As they drink, Wang Ying, who desires pretty women, goes to intercept a group crossing Mount Qingfeng that consists of a sedan chair, which apparently carries a female. Finding the woman attractive, Wang wants to rape her. When the woman says she is the wife of Liu Gao, the governor of Qingfeng Fort, Song Jiang feels obliged to persuade Wang to let her go as Liu is the colleague of Hua Rong, the fort's garrison commandant. Yan Shun agrees with him and pressures Wang to comply. Wang reluctantly agrees.

Joining Liangshan
On the Lantern Festival night, Song Jiang, who is then living in Hua Rong's house, goes outdoor to enjoy the celebrations. Liu Gao's wife spots him and lies to her husband that Song has abducted her at Mount Qingfeng and tried to rape her. Believing his wife, Liu orders Song arrested. After Hua Rong saved Song by force, Liu seeks help from Murong Yanda, the governor of Qingzhou, which oversees Qingfeng Fort. Huang Xin, who is sent to handle the matter, lures Hua to a feast and captures him. Meanwhile, Liu has seized Song again as he tried to sneak to Mount Qingfeng.

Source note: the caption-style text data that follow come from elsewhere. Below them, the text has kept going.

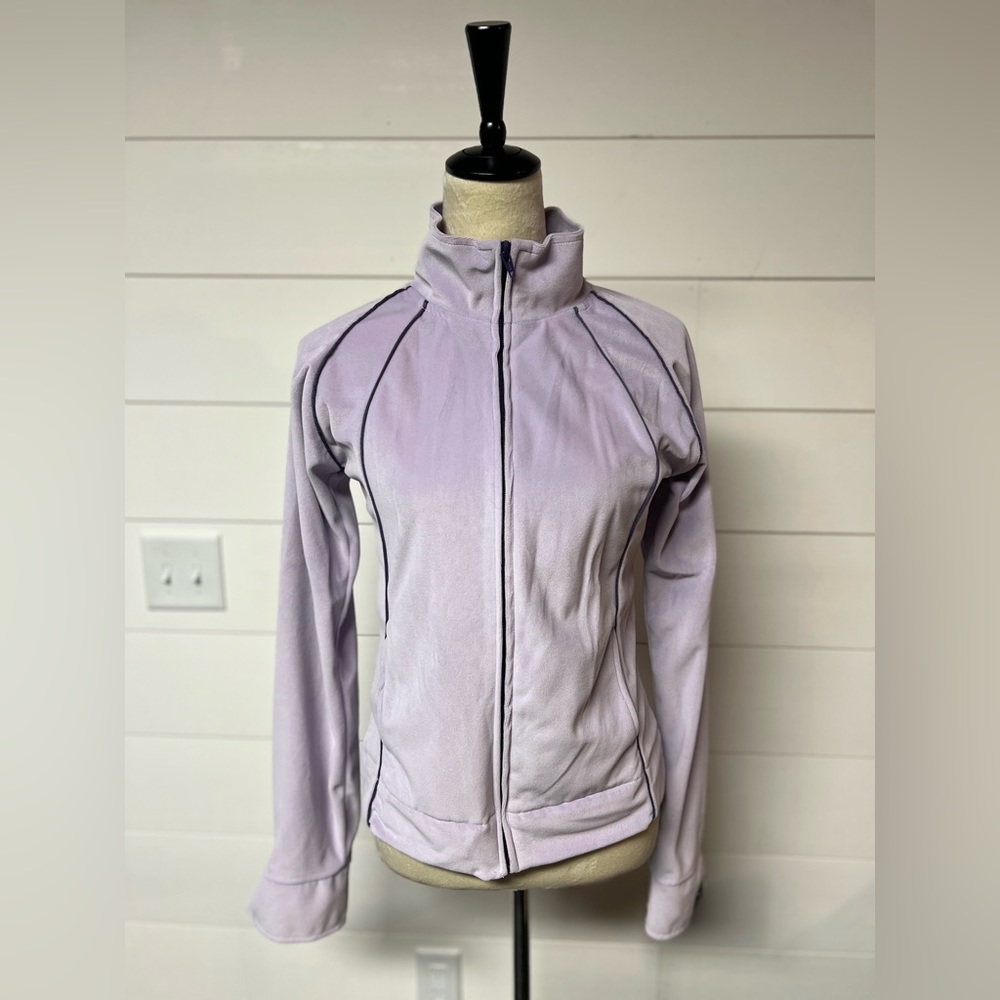 Split Velvet Light Jacket, Lilac, Medium - image 7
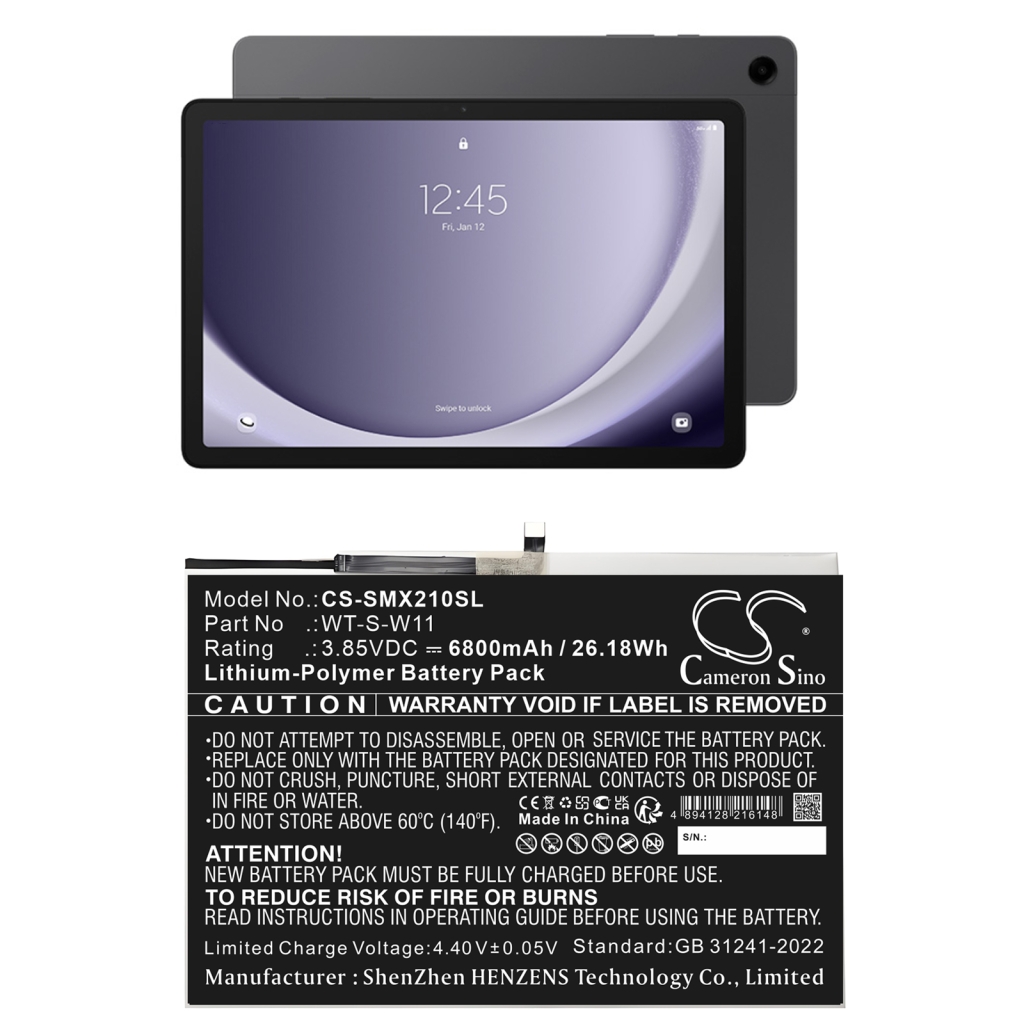 Batterijen Tablet batterijen CS-SMX210SL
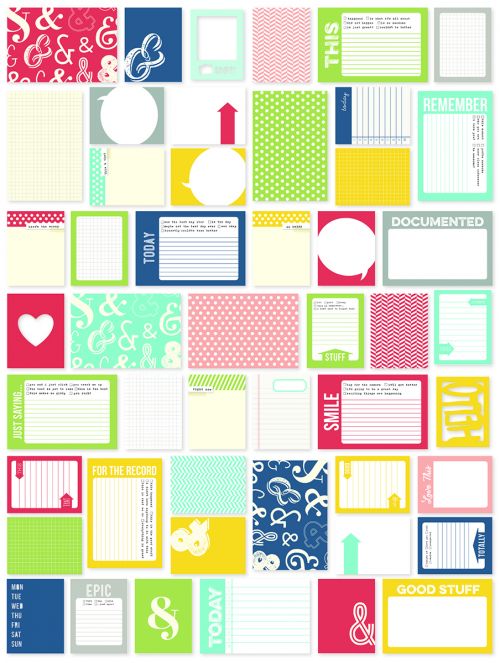 Simple Stories - Life Documented - Journaling Card Set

When Huang Xin is taking Song Jiang and Hua Rong back to Qingzhou, the bandits of Mount Qingfeng, led by Yan Shun, waylay the escort party, rescue the two prisoners and kill Liu Gao. The bandits later defeat an army sent from Qingzhou led by Qin Ming and seize Mrs Liu after breaking into Qingfeng Fort. Wang Ying again intends to keep Mrs Liu for himself. But he is prevented by Song, who believes she would ruin Wang.  Yan Shun, in agreement with Song, decisively draws a sabre and kills the woman. He nearly has an armed fight with Wang, who is placated only after Song promised to find him a pretty and virtuous wife. As Qingzhou is likely to send a larger force to exterminate them, Song suggests that the group decamp to join Liangshan Marsh. Yan is thus absorbed into the larger band.

Campaigns and death
Yan Shun is appointed as one of the leaders of the Liangshan cavalry after the 108 Stars of Destiny came together in what is called the Grand Assembly. He participates in the campaigns against the Liao invaders and rebel forces in Song territory following amnesty from Emperor Huizong for Liangshan.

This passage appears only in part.